Moving the placement of text frames in the layout will not shift the content in the xml structure. However juggling the some elements within the XML structure using the Structure View will change the order of the XML and MAY affect the placement of content.
This is because InDesign tags not only content but also the objects that contain content, these have special meaning for InDesign. If you look at the XML in the Struture Pane you will see different icons for different 'types' of XML elements. Text frames or threaded text frames (which are treated as one XML element) by default are usually called 'story'.
My experience is that you can shift elements around in the XML structure without moving things in the layout — as long as you avoid moving things at the text element level eg. elements that contain sentences or words. If these are moved elements will change relationship in the page layout.
As an example. You have a 4 page spread in a magazine layout. The main content is in a threaded set of frames. The pages also contain photographs and captions which were imported much later in the design process. At the end of the editing process, you map paragraph and text styles and tag your photographs.
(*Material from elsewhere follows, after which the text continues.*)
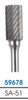 MORSE CUTTING TOOLS EDP: 59678     DESCRIPTION: 5970 BURR SA-51 S/C 1/4"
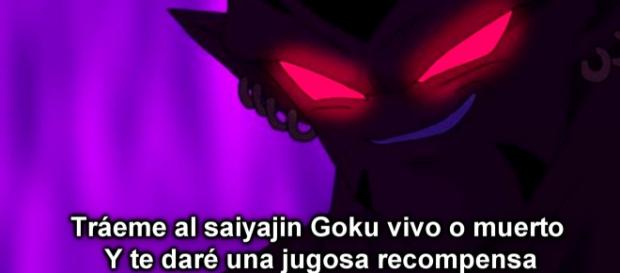 Un malvado ser oscuro desea ver muerto a goku Un malvado ser oscuro desea ver muerto a goku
Everywhere text is autotagged the text frame/s will also be tagged with an InDesign XML story element. Wherever there is tagged text it will be enclosed within the story xml element, which you can rename, but it remains a story element. The large threaded story will show up contained within one long story element, your captions which are tagged will show up in different parts of the xml structure in story elements and the photograph details will be in photo or image elements.
You can now manipulate the XML, create a new element and pull all of the tagged elements of 4 page spread into this new element and order the story and other element to the way you want them to appear in the XML output, even placing elements such as images and other 'story' elements within the flow of enclosing story elements all without changing the appearance of the layout. As long as you do not move text elements around, the appearance of the page layout will not change but exported XML will have the same structure you see in the structure pane.
This is my experience, big caevat, I have not had any experience with XML tables in InDesign.
Essentially you manage two separate documents, one is the page layout, the other XML layout. You cannot juggle the page layout to affect the XML structure, you can, within restrictions, juggle the XML around without affecting the page layout.